Michael Goodwin in Daily News
SICK. Disgusting. And yet revealing.
Hillary Clinton is staying in the race in the event some nut kills Barack Obama.
It could happen, but what definitely has happened is that Clinton has killed her own chances of being vice president.
She doesn't deserve to be elected dog catcher anywhere now.
Her shocking comment to a South Dakota newspaper might qualify as the dumbest thing ever said in American politics.
Her lame explanation that she brought up the 1968 assassination of Robert Kennedy because his brother Ted's illness was on her mind doesn't cut it. Not even close.
We have seen an X-ray of a very dark soul. One consumed by raw ambition to where the possible assassination of an opponent is something to ponder in a strategic way. Otherwise, why is murder on her mind?

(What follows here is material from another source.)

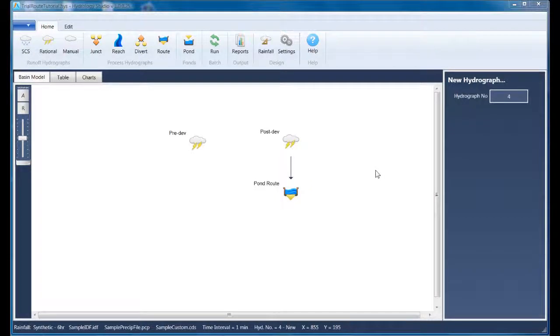Hello, and welcome to Hydrology Studio. This video is going to demonstrate how to use the Trial Route feature in Hydrology Studio. The Trial Route feature eliminates a lot of guesswork by giving you the ability to add and modify outlet structures while doing the pond routing in real time. This procedure dramatically reduces time spent on your design.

It's like Tanya Harding's kneecapping has come to politics. Only the senator from New York has more lethal fantasies than that nutty skater.
We could have seen it coming, if only we had realized Clinton's thinking could be so cold. She has grown increasingly wild in her imagery lately, invoking everything from slavery to the political killings in Zimbabwe in making her argument for the Florida and Michigan delegations. She claimed to be the victim of sexism, despite winning the votes of white men.
But none of it was moving the nomination needle, with Obama, despite recent dents, still on course to be the victor.
So she kept digging deeper, looking for the magic button. Instead, she pushed the eject button, lifting herself right out of consideration.
Giving voice to such a vile thought is all the more horrible because fears Obama would be killed have been an undercurrent to his astonishing rise.
Republican Mike Huckabee made a stupid joke about it recently. Many black Americans have talked of it, reflecting their assumption that racists would never tolerate a black President and that Obama would be taken from them.
Clinton has now fed that fear. She needs a very long vacation. And we need one from her.
Say good night, Hillary. And go away.